It is commonly used in social media and customer feedback.
Chatbots make use of NLP by learning from human responses and conversational patterns.
These bots then provide a more personalized and intelligent response than a simple yes or no answer.
They are used in customer service, information retrieval, question answering, and sales.
Siri, Alexa, and Google Assistant are examples of virtual assistants.
These programs have been created to help users perform tasks such as making calls, sending messages, ordering items, and setting reminders.
Google search, Bing, Yahoo, etc., are all search engines.
These engines use NLP to analyze search queries to identify and return relevant content to the user.
Tools and Courses to Get You Started with NLP
If you’re looking to get started with NLP, there are a few open-source tools and recommended courses you can check out.
Natural Language Toolkit (NLTK)
Natural Language Toolkit (NLTK) is a Python module that provides tools for working with natural language data.

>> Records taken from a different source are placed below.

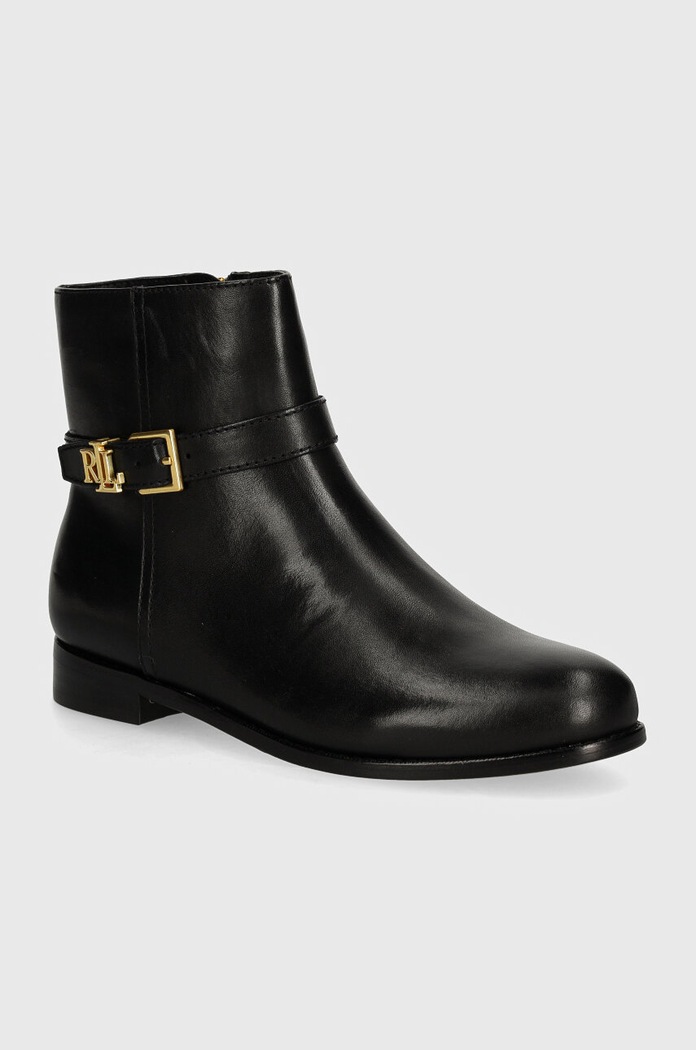 Lauren Ralph Lauren stivaletti alla caviglia in pelle Brooke non isolato nero 802946807001.001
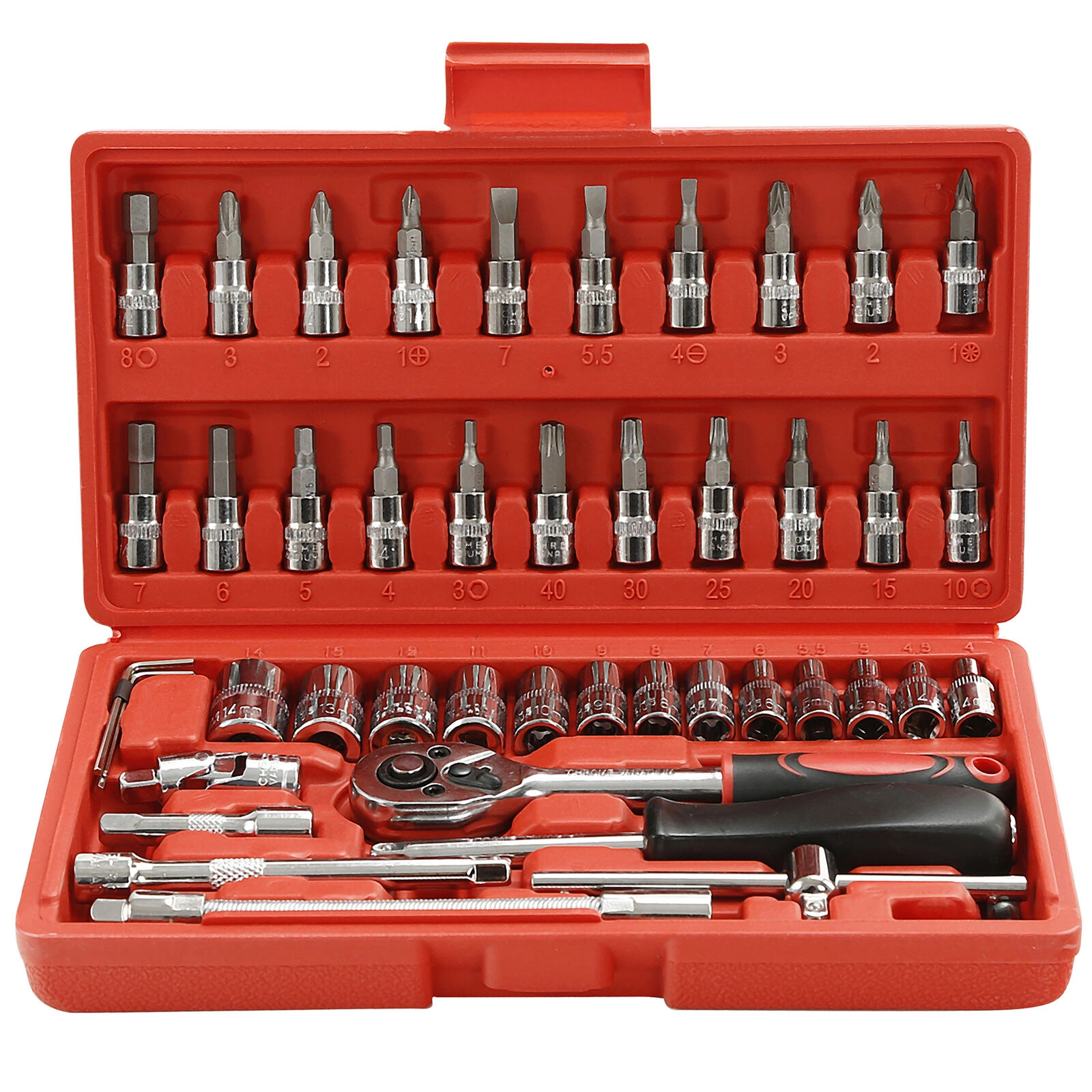 46 Piece 1/4 Inch Socket Wrench Screwdriver Bits Ratchet Driver Kit Repair Tool Set view 4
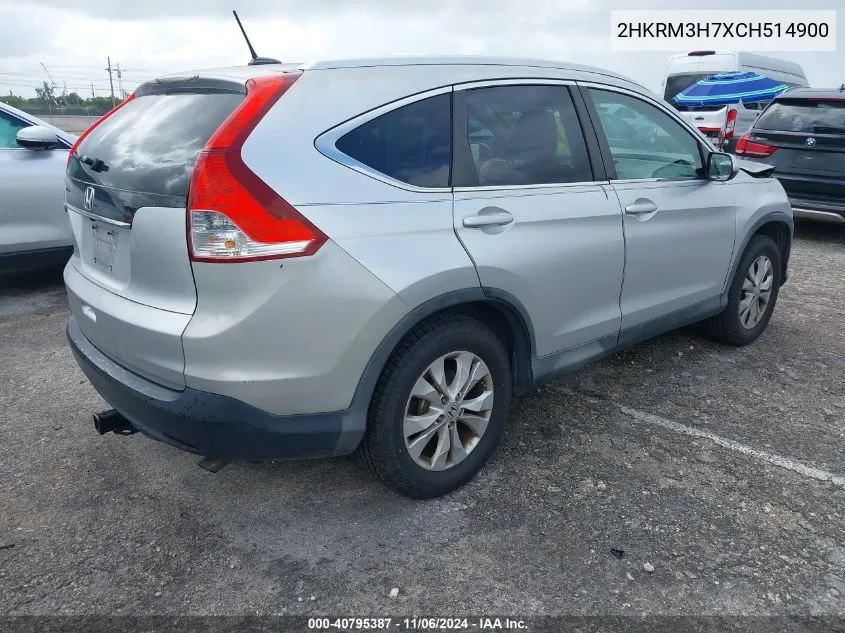 2012 Honda Cr-V Ex-L VIN: 2HKRM3H7XCH514900 Lot: 40795387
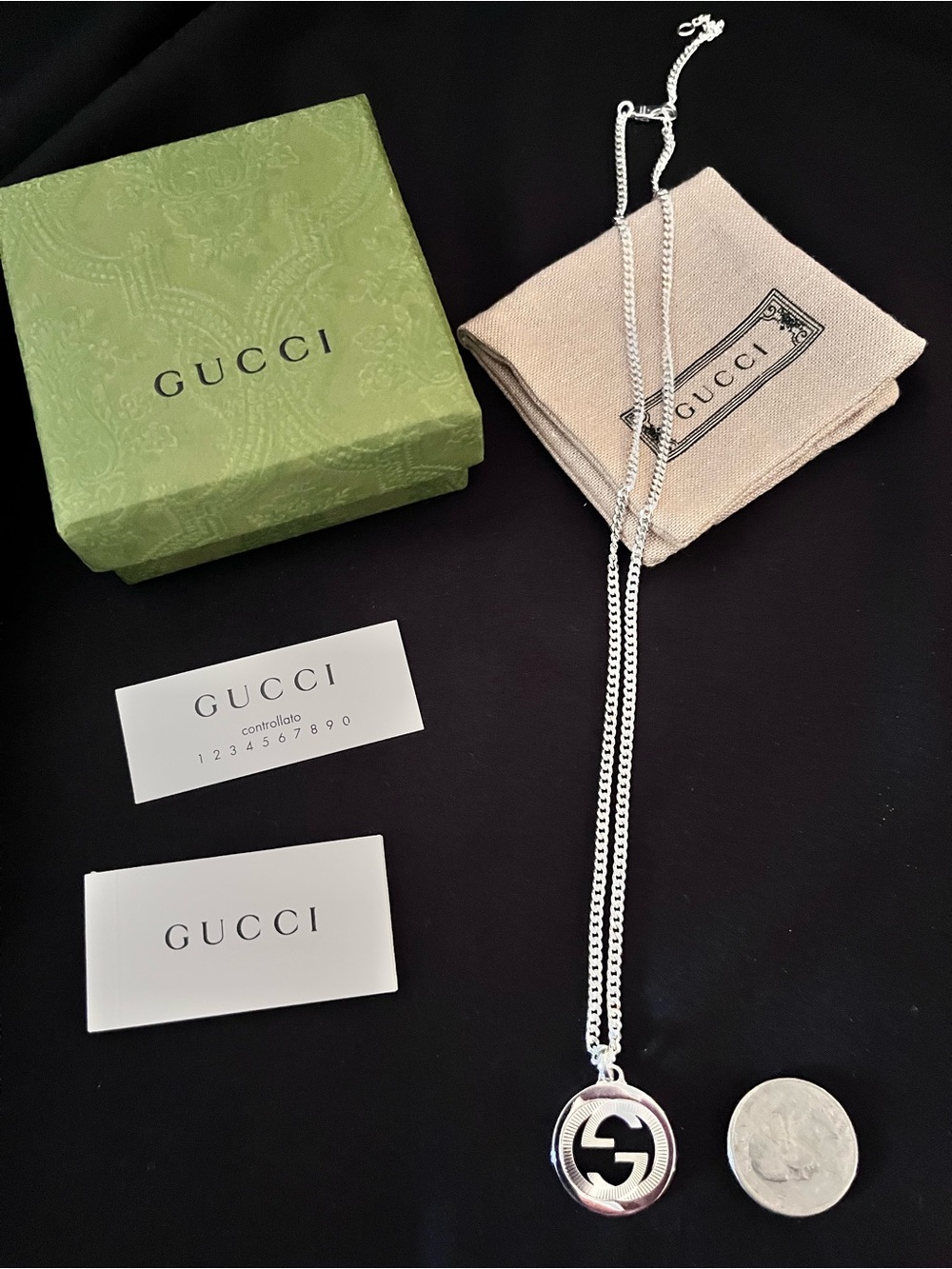 GUCCI Sterling Silver Made in Italy Groove Pendant Necklace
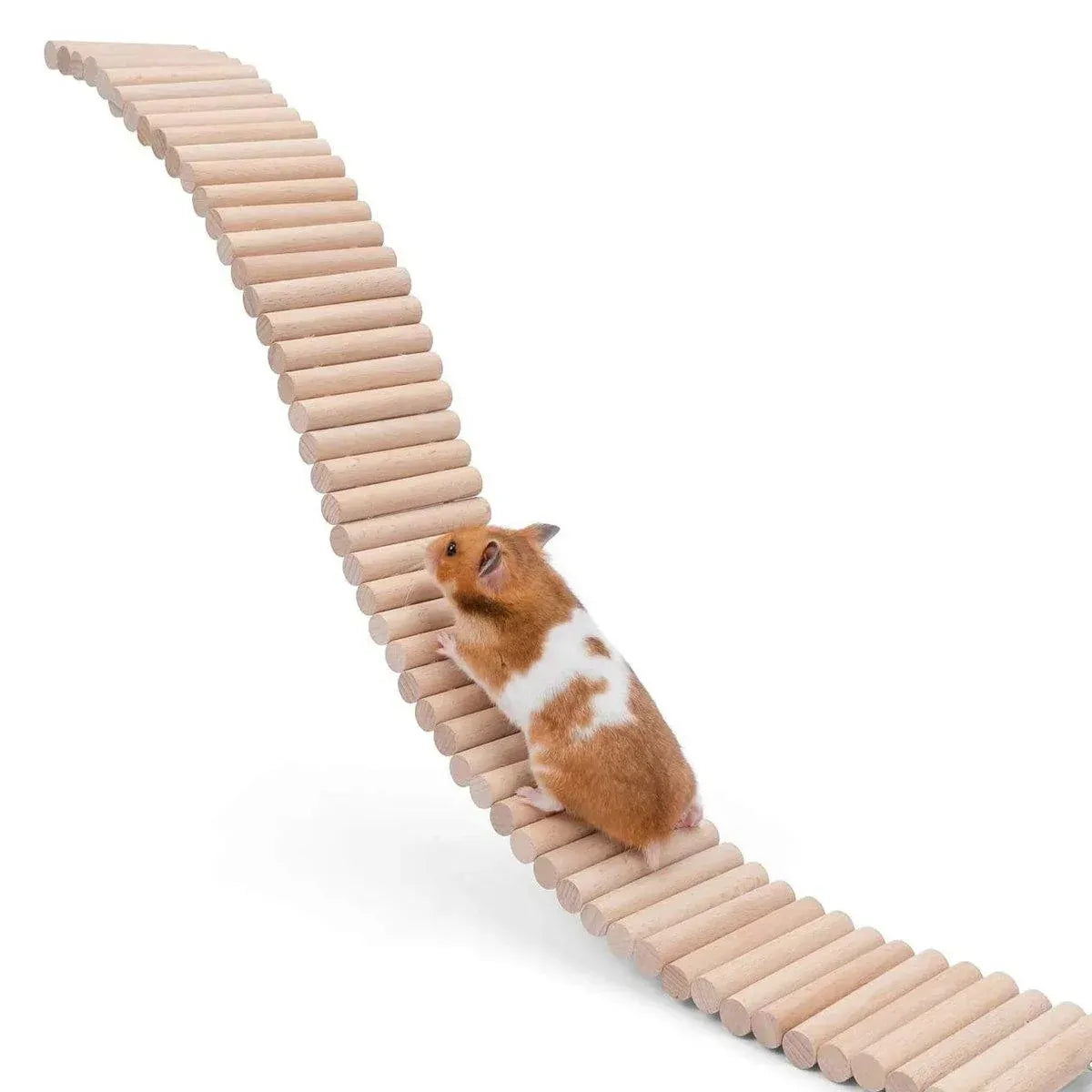 Wooden Hamster Toys Climbing Stairs Bridge Small Pet Soft Ladder Playground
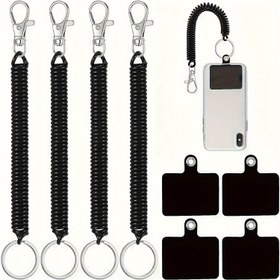 Resim 4 Sets Telefon Askısı Yama ile, Esnek Telefon Bilek Kayışı ve Telefon Kılıfı Bağlantı Noktası, iPhone Samsung ve Çoğu Akıllı Telefonlarla Uyumlu, Hırsızlık Önleyici Kayış, Açık Hava Yürüyüşü Kayak Tırmanma için (Beyaz) 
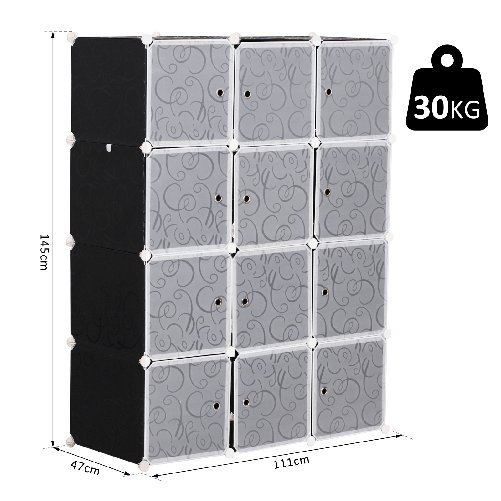 HOMCOM-Armadio-Guardaroba-Modulare-Cubi-Salvaspazio-da-Casa-Bianco-e-Nero-in-PP-111-x-47-x-145-cm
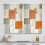 Boho Kitchen Curtains Orange Beige Grey 27.5x39 in 2
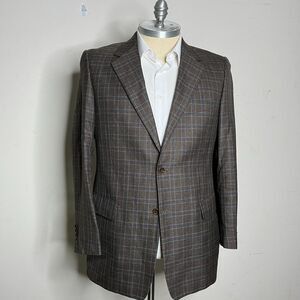 Roundtree & Yorke Blazer Sport Coat 44L Mens Brown Silk Wool‎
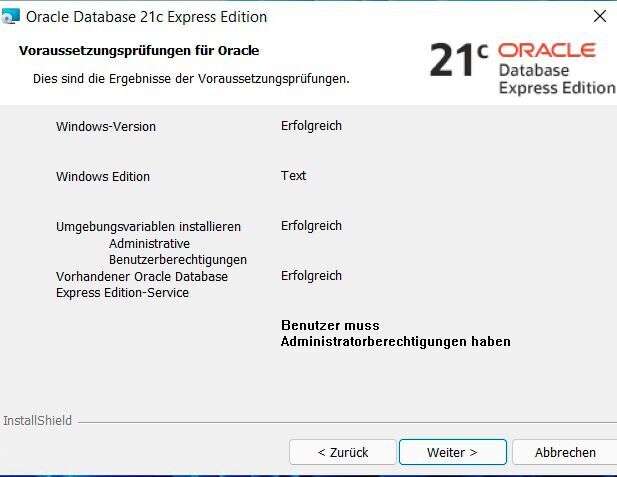 Im Rahmen der Installation überprüft der Assistent für Oracle Database Express Edition, ob die Einstellungen richtig gesetzt sind. (Bild: Joos (Screenshot))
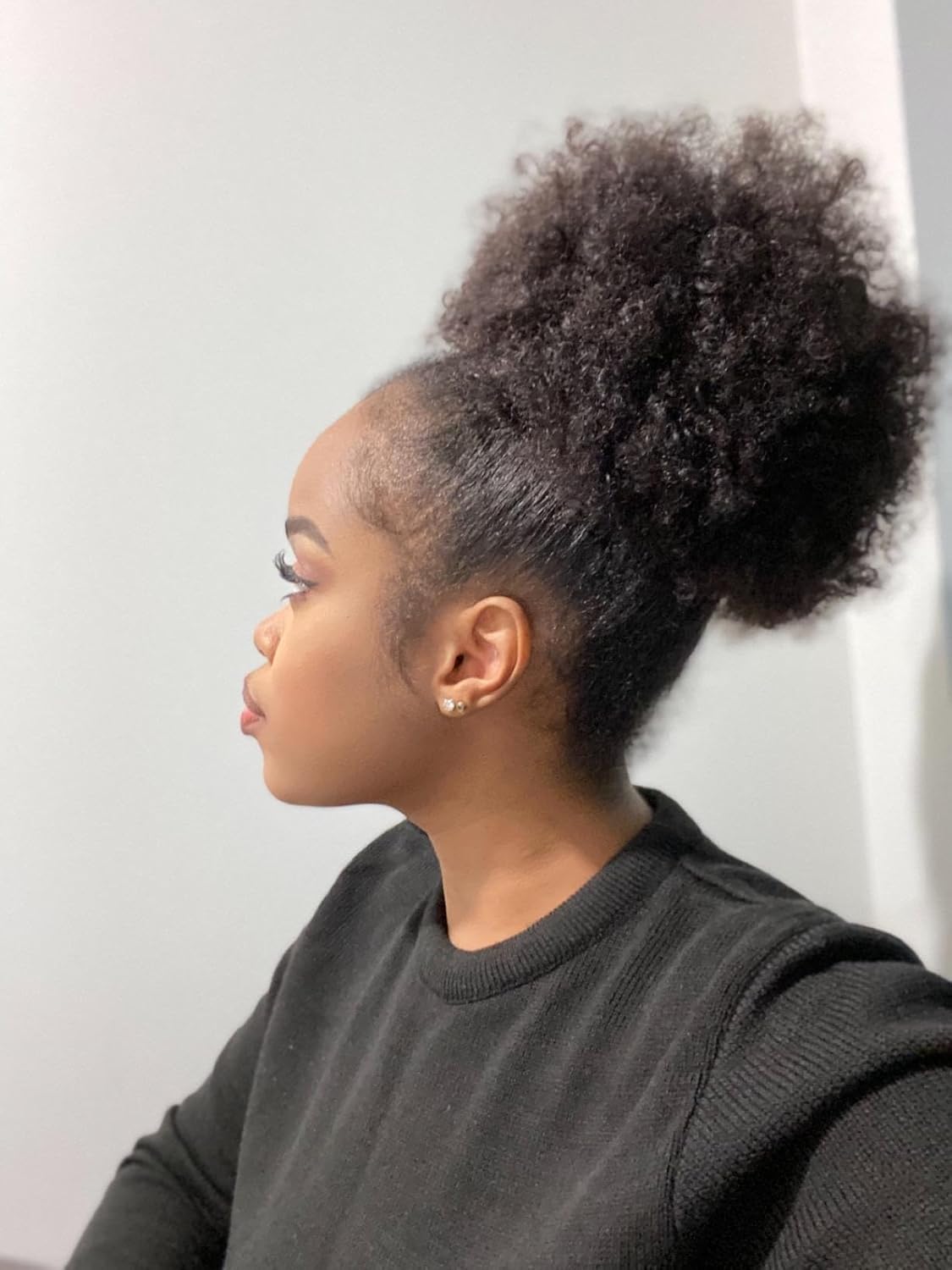 Afro Puffs Large Human Hair Buns - Natural Drawstring Ponytail Extensions | 8 Inch Natural Black for Women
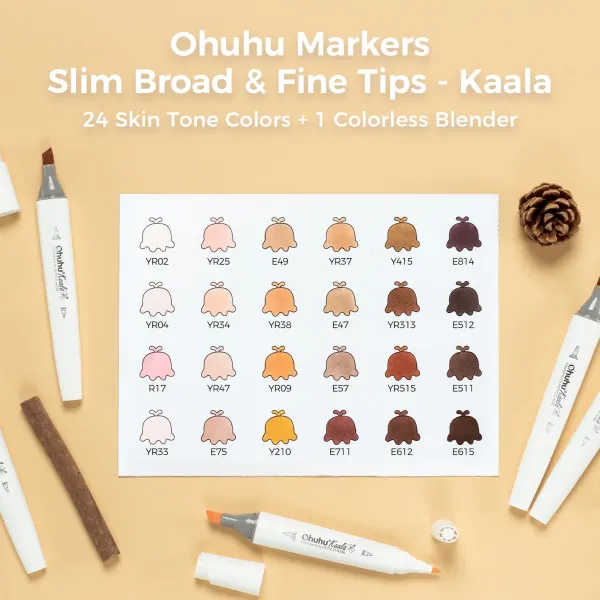 Ohuhu | Kaala Alcohol Art Markers - Σετ 24 τεμ. Skin Tone - Slim Broad and Fine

NLTK includes a parser for many commonly used formal languages (e.g., XML, HTML, RDF, and more), a set of useful statistical and linguistic functions, a library of corpora (texts and parsed text), and a collection of machine learning algorithms.
NLTK is free and open-source software released under the GNU General Public License.
Apache OpenNLP is a suite of Natural Language Processing (NLP) tools written in Java.
It includes a parser, tokenizer, part-of-speech tagger, named entity recognition, and sentence splitter. These tools are often used to perform NLP tasks such as
- sentiment analysis
- text categorization
- document summarization
- and information extraction.
Stanford NLP tools are open-source software tools used to analyze text for key phrases, sentiment, topics, and more.
These tools are available for free and are widely used by researchers in Natural Language Processing and related fields.
They include the following: Stanford CoreNLP, Stanford POS Tagger, Stanford Parser, Stanford Tokenizer, Stanford Named Entity Recognizer (NER), and more.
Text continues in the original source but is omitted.